Quieter, more thoughtful, bosses were often seen as being weak, and some of the more-colourful characters would take advantage of someone they regarded as a soft touch.
You have to wonder if Sir Alex Ferguson’s famous hair-dryer treatment in the dressing room would be readily accepted by the current crop of players.
The most-successful managers today would like to think of themselves as skilled psychologists.
Any suggestion of the sergeant-major style – like that adopted by former military men like Jock Wallace – would not be something they would relish.
They’re more in favour of an arm round the shoulder, rather than a kick up the backside.
Life has changed and so – sometimes slowly – has the way football clubs operate.

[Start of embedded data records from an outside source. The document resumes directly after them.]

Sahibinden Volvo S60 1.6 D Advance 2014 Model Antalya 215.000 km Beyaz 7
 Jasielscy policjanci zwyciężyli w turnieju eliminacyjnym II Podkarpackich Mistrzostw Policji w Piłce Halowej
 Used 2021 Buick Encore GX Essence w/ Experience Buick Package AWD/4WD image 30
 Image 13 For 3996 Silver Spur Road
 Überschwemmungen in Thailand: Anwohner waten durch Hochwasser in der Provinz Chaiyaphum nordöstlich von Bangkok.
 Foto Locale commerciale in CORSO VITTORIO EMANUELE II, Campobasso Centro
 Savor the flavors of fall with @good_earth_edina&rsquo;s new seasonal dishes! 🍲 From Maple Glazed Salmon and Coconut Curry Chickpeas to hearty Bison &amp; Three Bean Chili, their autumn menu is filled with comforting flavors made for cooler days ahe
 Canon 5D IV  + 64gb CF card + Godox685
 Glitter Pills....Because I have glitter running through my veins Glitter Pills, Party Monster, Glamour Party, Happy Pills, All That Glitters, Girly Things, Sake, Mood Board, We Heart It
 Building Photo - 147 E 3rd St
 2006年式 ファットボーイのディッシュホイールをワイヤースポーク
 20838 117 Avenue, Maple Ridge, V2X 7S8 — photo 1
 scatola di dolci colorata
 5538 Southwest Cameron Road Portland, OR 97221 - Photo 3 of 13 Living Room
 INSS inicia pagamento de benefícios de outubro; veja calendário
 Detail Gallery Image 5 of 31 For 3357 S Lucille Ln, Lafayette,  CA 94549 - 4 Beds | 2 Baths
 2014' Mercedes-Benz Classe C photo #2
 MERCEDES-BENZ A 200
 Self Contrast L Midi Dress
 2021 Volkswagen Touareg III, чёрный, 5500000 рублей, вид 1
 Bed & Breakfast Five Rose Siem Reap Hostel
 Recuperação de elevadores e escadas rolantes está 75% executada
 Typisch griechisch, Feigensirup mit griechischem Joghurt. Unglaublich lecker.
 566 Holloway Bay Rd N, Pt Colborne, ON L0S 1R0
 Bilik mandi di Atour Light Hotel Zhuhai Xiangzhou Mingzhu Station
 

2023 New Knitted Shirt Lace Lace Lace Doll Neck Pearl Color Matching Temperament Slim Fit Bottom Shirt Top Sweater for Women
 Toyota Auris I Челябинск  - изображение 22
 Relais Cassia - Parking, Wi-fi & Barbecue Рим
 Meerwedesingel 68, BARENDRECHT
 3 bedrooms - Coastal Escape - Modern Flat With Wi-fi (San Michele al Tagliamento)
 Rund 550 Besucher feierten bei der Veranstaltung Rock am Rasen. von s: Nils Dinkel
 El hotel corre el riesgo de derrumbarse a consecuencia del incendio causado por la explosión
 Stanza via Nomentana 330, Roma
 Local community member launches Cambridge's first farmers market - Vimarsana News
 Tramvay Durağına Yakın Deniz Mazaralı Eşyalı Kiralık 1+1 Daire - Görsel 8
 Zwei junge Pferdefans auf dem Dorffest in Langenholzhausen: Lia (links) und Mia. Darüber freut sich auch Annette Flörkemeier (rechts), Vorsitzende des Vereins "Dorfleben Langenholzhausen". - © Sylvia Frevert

We have a new breed of player, and that requires a different structure.
I remember chatting to Alan Archibald during his early days of managing Partick Thistle.
We talked about the things he had learned from previous bosses during his time as a player and, inevitably, the chat came round to Firhill legend, John Lambie.
As well as being a well-known pigeon fancier, Lambie was one of the most-colourful figures to have graced the dugouts in Scotland.
Many of his methods were, to say the least, unconventional.
He was very successful at squeezing the most out of players on a limited budget, but his straight talking wouldn’t go down well with some of the current rising stars.
Archibald reckoned he’d have young players at his door, accompanied by their agent, to make a formal complaint if he was as direct as his former boss.
Players didn’t always meekly accept the instructions given by a manager.
Back in 1963, West Brom players staged a walk-out when manager, Jimmy Hagan, refused to let them train in tracksuit bottoms during the bitterly cold weather.
He trained on his own wearing shorts – then backed his car into a canal and had to be rescued by the men he was at loggerheads with!
We’re unlikely to see a similar confrontation again. But we are in an era where the boss has to be out on the training pitch – in whatever clothing they feel appropriate.
And that means top-flight teams need to have someone working on the aspects of maintaining a successful squad. You can call them the sporting director or director of football. The name doesn’t really matter but the work they do is absolutely crucial.
There are contracts to be negotiated, scouting networks to be maintained, youth development programmes to be monitored – the list is endless.
It’s a structure that’s been used successfully on the Continent for many years, yet often treated with suspicion in this country.
It’s often assumed you end up with a club where one person signs players, and another individual coaches them.
It doesn’t have to be that way.
Rangers’ Steven Gerrard has a firm grip on players coming and going, with sporting director, Ross Wilson, there to assist with tying up the deals.
Celtic are looking to adopt a similar set-up, and have to get it right.
Failure to modernise the club structure could be a knockout blow to their hopes of reclaiming the Premiership title.